AMERICAN ANGUS ASSOCIATION - THE BUSINESS BREED

Cotton Byproducts in Beef Cattle Rations

The benefits of cottonseed for cow-calf operations.

By Heather Smith Thomas, Field Editor

December 7, 2023

Cotton byproduct

Chastain is one of the foremost ruminant nutritionists working with cottonseed in cattle diets. After working for Albion Advanced Nutrition for 31 years, he helped start a plant in New York to make amino-acid trace minerals. He then started BC Consulting and has done nutrition work for purebred beef producers, commercial cow-calf and stocker operations, and feedmills all over the United States and in Canada, Europe and some in South America.

“A number of years ago, we started working with Hollybrook, a company in Louisiana that was delinting whole cottonseed and running it through an extruder to obtain the cottonseed. We shipped about 25,000 tons each year to producers all over the country,” Chastain recalls.

“Whole cottonseed and cotton byproducts are some of the most underused, underestimated and undervalued feeds for beef cattle.”

 — Buck Chastain

Later he built a plant called White Gold Mills in Arkansas.

Some companies make a cake or cube from cottonseed, which can be easily fed as a supplement. Operations with total mixed ration (TMR) mixers might put it with triticale silage or corn silage, rye baleage or other wet forages to help dry up the ration.

One ton of whole cottonseed has 500 pounds (lb.) of cottonseed hulls, an excellent fiber.

“Many people don’t understand the importance of fiber, plus we need a type of fiber that absorbs moisture. It will swell, which increases rumen pH, which increases cud-chewing. As the animal chews its cud, it mixes the feed with saliva, which is high in sodium bicarb,” Chastain says. Ruminant pH needs to be 6.9 to be optimally functional and healthy. Grass is 7, which is neutral.

“If you are feeding corn silage, that pH will be 3.5 to 4, which is too acidic,” Chastain says. “You need to get the pH up to 6.9. Baleage has only a pH of 5.”

“If that’s what you are feeding cows, you’ll be lucky to get 40% first-service conception,” he says. “You have lowered the pH of the rumen and changed the blood pH. This sets up the immune system to interact with the egg that’s ovulated and the embryo, and consider it foreign protein. It also reacts to sperm and semen.”

Chastain says this can result in poor conception or early pregnancy loss.

A TMR diet needs to have the dry matter higher than 60% so the animal can re-ferment the feed. Cottonseed plays a very important role with soluble protein and bypass protein, plus it’s a very absorptive fiber that will increase rumen pH and cud-chewing.

Cottonseed is an excellent fat source, at 18%-20% fat.

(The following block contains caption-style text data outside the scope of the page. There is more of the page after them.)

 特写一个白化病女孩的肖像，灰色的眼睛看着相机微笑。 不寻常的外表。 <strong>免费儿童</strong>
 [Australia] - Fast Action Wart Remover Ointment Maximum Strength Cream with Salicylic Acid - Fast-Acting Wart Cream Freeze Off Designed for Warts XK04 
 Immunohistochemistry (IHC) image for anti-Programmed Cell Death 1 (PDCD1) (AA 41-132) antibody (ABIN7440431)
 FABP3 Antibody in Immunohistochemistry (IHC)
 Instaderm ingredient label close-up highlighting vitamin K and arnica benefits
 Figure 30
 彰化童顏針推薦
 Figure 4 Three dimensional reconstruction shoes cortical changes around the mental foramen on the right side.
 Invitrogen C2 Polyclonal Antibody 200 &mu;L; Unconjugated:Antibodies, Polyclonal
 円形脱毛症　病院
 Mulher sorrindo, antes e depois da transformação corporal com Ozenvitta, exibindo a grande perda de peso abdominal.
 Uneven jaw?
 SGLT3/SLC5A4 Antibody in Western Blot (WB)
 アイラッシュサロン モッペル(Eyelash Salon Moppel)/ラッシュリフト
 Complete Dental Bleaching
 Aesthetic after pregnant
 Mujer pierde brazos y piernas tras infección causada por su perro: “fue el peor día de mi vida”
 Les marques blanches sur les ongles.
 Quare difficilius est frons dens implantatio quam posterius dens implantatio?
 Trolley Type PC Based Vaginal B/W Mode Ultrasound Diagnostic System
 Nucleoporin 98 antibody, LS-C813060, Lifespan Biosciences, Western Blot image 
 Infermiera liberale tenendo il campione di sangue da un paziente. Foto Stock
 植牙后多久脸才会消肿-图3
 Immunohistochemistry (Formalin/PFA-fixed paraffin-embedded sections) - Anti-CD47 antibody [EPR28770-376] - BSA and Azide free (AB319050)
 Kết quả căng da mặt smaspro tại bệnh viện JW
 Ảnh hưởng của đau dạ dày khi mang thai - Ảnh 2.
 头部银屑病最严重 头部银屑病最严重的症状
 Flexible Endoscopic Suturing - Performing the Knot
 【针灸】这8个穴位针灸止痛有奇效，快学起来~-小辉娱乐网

“Fat has 2.25 times as much energy as a carbohydrate,” Chastain says. “In the fermentation of digestion, fat doesn’t create lactic acid, like what happens with carbohydrates. You don’t get histamine production that can cause sore feet, swelling blood vessels, etc., and set up immune reactions to increase cortisol and L-dopamine from the brain, which causes problems with the whole system.”

Cottonseed is a good protein, fiber and fat source. According to Chastain, old-time cattlemen from Oklahoma knew if they fed 2 lb. of cottonseed cake, cows would slick up their hair coat and breed quickly. Hair is the last thing to respond to nutritional status. If the hair coat is rough and unthrifty, the nutrition is not right. Adequate nutrition helps cattle shed off quicker, and the hair coat blooms.

Part of the reason for this is omega-3 fatty acids. All fats are not the same. “Cottonseed has an excellent omega-3 to omega-6 ratio,” Chastain says. “Research in Montana showed that omega-3 affects the immune system and the quality and quantity of colostrum — the antibodies in the cow’s colostrum.”

It is also an excellent fat source for a cow prior to calving, to put more fat in the calf so it is born stronger and more able to withstand cold temperatures. It will get up and nurse its mother quicker, he says.

Editor’s note: Heather Smith Thomas is a freelance writer and cattlewoman from Salmon, Idaho. [Photos courtesy Buck Chastain.]

cows eating cotton byproduct

Haircoat is the last thing to respond to nutritional status. Cottonseed is known for its ability to help cattle shed their winter hair quickly.